How to Groom a Successor...and How to Be Groomed

Succession planning requires an eye for talent and the ability to train others in leadership skills

By Sarah D. Scalet

December 01, 2005CSO

David Burrill, Retiring Head of Group Security, British American Tobacco

When companies consistently bring people into the top slot from the outside, it has a huge potential for negative impact on the people who are already in the company. You're saying, nobody in this company is good enough to do that job. And that may be currently true. But hiring from without also says a great deal about the ability of your company to search for people, to recruit them, to develop them and give them a legitimate career path.

One level below me are four regional security managers and the global information security manager, who is a PhD. Any of them could be a CSO. Below that level, in middle management, there are certain people whom we've already identified as potential CSOs. We have annual career development meetings, and we don't just look at performance but also at potential. If I were a middle manager who was a potential CSO, I would be told that I was a "lister." A lister is a person who has identified potential to go at least two [salary] grades higher than the one they're in. It's a BAT [British American Tobacco] term that we use to identify people in whom we need to put a special investment.

What I don't want to have in this company is a situation where we've only got one choice. One choice really decides itself, doesn't it? One choice means that within the companybearing in mind that our CSO will always be selected from the companythere is no competition.
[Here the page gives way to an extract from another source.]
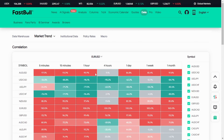EUR/USD has a positive correlation with GBP/USD. When the color is red and the percentage is 90 or above, it has a positive correlation. That means whenever you are buying EUR/USD, you must also buy GBP/USD. The percentages are: 93.7% on 5-minute, 96.0% on 15-minute, 99.4% on 1-hour, 76.0% on 4-hour, 97.4% on 1-day, 93.5% on 1-week, and 93.3% on 1-month.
Human beings work at their best when they're in a competitive environment. I want the potential CSOs to know that they are in healthy competition.

I'm always looking for talent. I have what you might call a little black book, where I have notes on people I have met around the world who look like the sort of material we want to bring into this company. In Nick Proctor's case, I met him around 1996, when he was executive director of the Overseas Security Advisory Council at the U.S. State Department. I got to know him pretty well and very quickly realized that he was a man of significant talent, and the sort of guy we would like in this company. But I didn't have a vacancy.

Then an opportunity came up. In 2001, we made him regional security manager for the America-Pacific, which used to be based in Louisville, Ky. Then we decided we needed to give him broader experience. Since the first of January this year, Nick has been regional security manager for Europe. He's been having to put up with all us strange Europeans. This was just to confirm that in another environment Nick would display those characteristics we know we have to have in the top position. Nick came into Europe and performed exactly as we expected.